When faced with a situation as overwhelming and unsettling as the one we’re in now, sometimes all we can do is look for joy in the little things.

When life was a blur of work stress, socialising and weekend plans, a bunch of supermarket flowers probably didn’t feel like a big deal.

But now that our weekly food shop is the only retail therapy we get, some of us have started picking out colourful blooms with the same care we would a new dress. More than that, though, once back home, these little bouquets of happiness brighten our days and our homes. They give life to a space that, unsurprisingly after nearly a month of lockdown, has come to feel quite dull.

So, more than ever before, we’re finding we care about making flowers last longer. Suddenly, we’re mentally jotting down tips on how to care for them, like we would have once remembered the happy hour times for the pubs near the office. 

How to make flowers look fresher for longer.

If you’ve found yourself thinking the same, swat up on these top tips from florist extraordinaire Harriet Parry. Parry has worked with the likes of online florist Bloom & Wild, has experience in everything from fashion shoots to weddings and exhibitions, and even creates reimaginings of famous art using flowers (her dedicated Instagram page is certainly worth a follow).

Speaking to, Parry reveals the tips and tricks of the trade, to ensure your flowers last and look fresher for longer.

How to keep flowers fresher for longer

  • Trim your stems by an inch or so. Do this at a 45-degree angle to create a bigger surface area, which will allow them to drink more water.
  • Before you pop them in a vase, trim off all leaves that would be below the waterline as this can cause the water to go off.
  • Don’t cram in too many flowers into your vessel.
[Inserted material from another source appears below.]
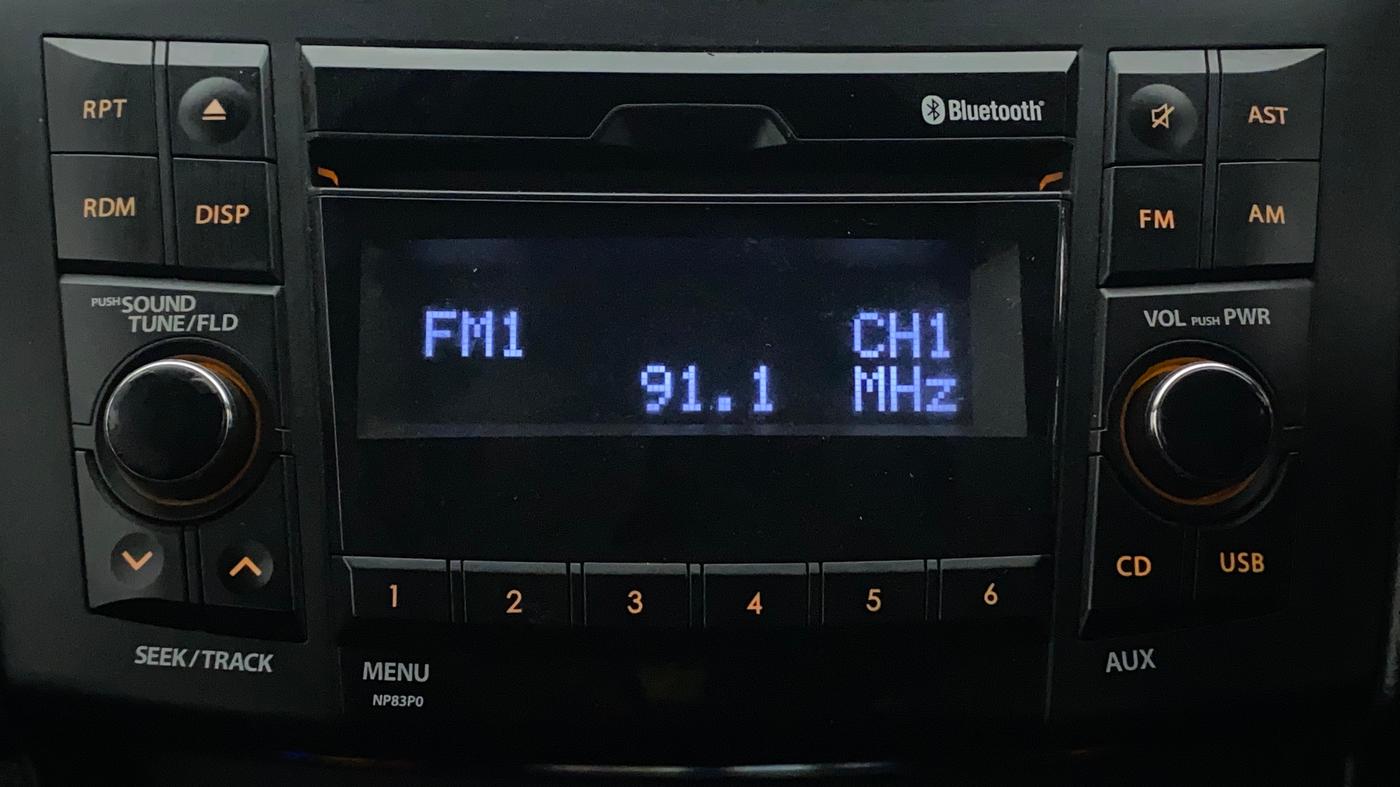 2015 Maruti Swift ZXI, Petrol, Manual, 49,464 km, Infotainment System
Allow them to have space, or as famous florist Constance Spry put it, “leave room for the butterflies”.
  • Arrange your flowers stems in a criss-cross fashion. This will create support and will allow the flowers to sit in a way that each bloom can be appreciated.     
  • Remove any discoloured or bruised petals from roses to make them look as good as new.
  • Change your water every few days. Just as we like to drink clean water, so do your flowers, and this will make them much happier.
  • Trim off any blooms that have passed their best. This helps the new blooms to open and your arrangement to look fresh as a daisy.
  • Fun fact about tulips: they grow an inch every day, so cut these shorter than you might want. Or watch as your arrangement changes each day as they tend to grow towards the light.
  • Have you a floppy hydrangea? No bother: pop its head in water for a couple of hours and it will bounce back to its former glory.
  • Remove lily stamens as these can stain (and cats are allergic to them).
  • Support gerberas with other flowers as their stems tend to bend near the bloom after a few days. Or, if you have a little wire, bend this around the stem to keep them upright.
  • Keep your flowers away from radiators, drafts and direct sunlight to protect them.
  • To keep your flower water fresh, add a few drops of baby bleach in to your water, it kills bacteria.
  • Keep flowers away from fruit as they release gases that make flowers fade.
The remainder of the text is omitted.